現在市販されている「六法」では、刑法第200条は「尊属殺人」という項目のみ残されていて、条文そのものは削除されています。実はかつてここには「自己又は配偶者の直系尊属を殺したる者は死刑又は無期懲役に処す」という条文があったのですが、昭和48年に最高裁による違憲判決が出され、平成7年の法改正によって削除されたのです。
直系尊属というのは、要するに父母や祖父母のことです。刑法第199条に「殺人罪」の規定があるにもかかわらず、あえて「親殺し」を特別な犯罪として、法は厳罰で臨んでいたわけです。そうでなくとも、子が親を殺すなどとはこの上なく恐ろしくけしからんというのが、古今の通常人の感覚でありましょう。そのふつうの感覚に基く尊属殺の規定が違憲とされ、削除されたのはどういう経緯によるのでしょう。実は、これは、まことに辛く悲しい事件が発端でした。その事件のあらましは次のようなものです。
―― 被告人のA女は、中学2年生のときに実の父親から姦淫され、以後10年以上もの間、夫婦同然の生活を強いられ、数人の子まで産まされていました。しかし、たまたま職場で知り合った一人の青年と愛し合うようになり、結婚を考えるまでになったのです。それを知った父親は激昂し、10日あまりにわたってA女を監禁、脅迫、暴行を加え続けます。あまりに惨い仕打ちに、A女は思い余って父親を殺害、そして自首したのです。
裁判官は、当然ながらA女に同情します。何とか実刑は回避したい。しかし、A女が犯した罪はまぎれもなく刑法第200条の尊属殺人に該当します。そして「死刑または無期懲役」という法定刑は、あらゆる減刑事由をあてはめても、3年6ヶ月の懲役にしか縮まらないのです。すなわち心神耗弱などの法律上の減刑で7年まで、さらに情状酌量で3年6ヶ月までというのが精一杯だったのです。執行猶予がつけられるのは懲役3年以下ですから、そのままではA女を刑務所に入れなくてはなりません。これは裁判官ならずとも忍び難いところでした。
そこで最高裁判所は、刑法第200条を、法の下の平等を規定した憲法第14条に違反すると判断、通常の殺人罪を適用して、A女を懲役2年6ヶ月、執行猶予3年に処したのです。――
如何でしょう。法律の条文が追加されたり削除されたりする背景には、立法者の思いもよらなかった出来事があるという典型例ではないでしょうか。ただし、この違憲判決について誤解してはならないのは、最高裁は、「親殺しは重い罪」として差別した規定の”趣旨”そのものを否定したのではありません。その判決文を要約しますと、次のようなものです。

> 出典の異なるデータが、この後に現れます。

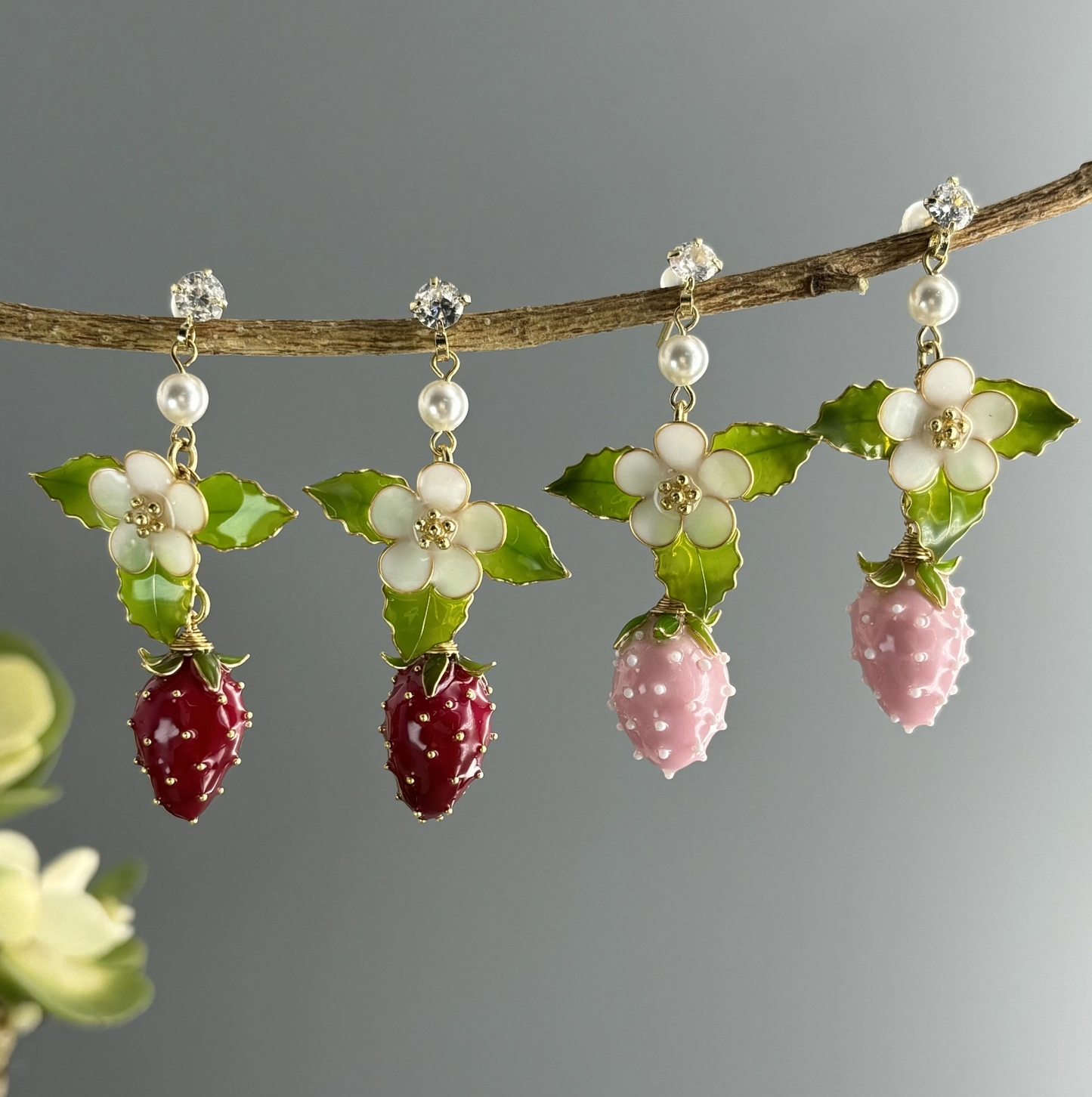Fruit Food Strawberry Earrings, Cute Kawaii Nature Fairy Earrings, Wire Wrapped Resin Plant Dangle Drop Jewelry, Mothers day gift for Her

「憲法14条1項の定める平等原則は、一切の差別を禁ずるものではなく、個々の事情に基いた合理的な差別的取り扱いを許容する趣旨である。そしてその差別的取り扱いが許されるか否かは、(1)その目的が正当で、(2)その手段が目的と合理的関連性を持っているか否かによって判断されるべきである。
刑法200条の規定についてみるに、尊属殺と通常殺を差別化している趣旨は、尊属を卑属またはその配偶者が殺害することは一般に高度の社会的道義的非難に値するものであるから、これを重罰化することによって尊属に対する報恩尊重という普遍的倫理に刑法上の保護を与えたものであるといえる。そしてこの規定の目的は正当なものとして是認できる。
しかし加重の程度が極端であって、その立法目的達成のために必要な限度をはるかに超え、普通殺に関する刑法199条の法定刑に比し著しく不合理な差別的取り扱いをするものであり、立法目的との間に合理的関連性があるとは到底いえない。よって、刑法200条は日本国憲法14条1項に違反する規定であり、これを適用することは許されない。刑法199条を適用し、判ずる」
つまり、親に対する報恩尊重は当たり前の倫理として特別扱いするのは肯定しつつも、その扱いの程度があまりに”極端”すぎるから違憲だとしているわけです。このバランス感覚と冷静さには、思わずうならされます。
なお、後日談ですが、この裁判を担当した弁護士のもとには、裁判が終わった後もずっとA女から連絡が届いていたそうです。しかし、弁護士は「もう年賀状を出すのはやめなさい。年賀状を私宛に書くたびにあなたは事件のことを思い出している。一刻も早くすべてを忘れて、あなたの人生を生きなさい」と返事を出し、事件のことも弁護士のことも忘れるよう促したそうです。以後、A女からの連絡は途絶えたといいます。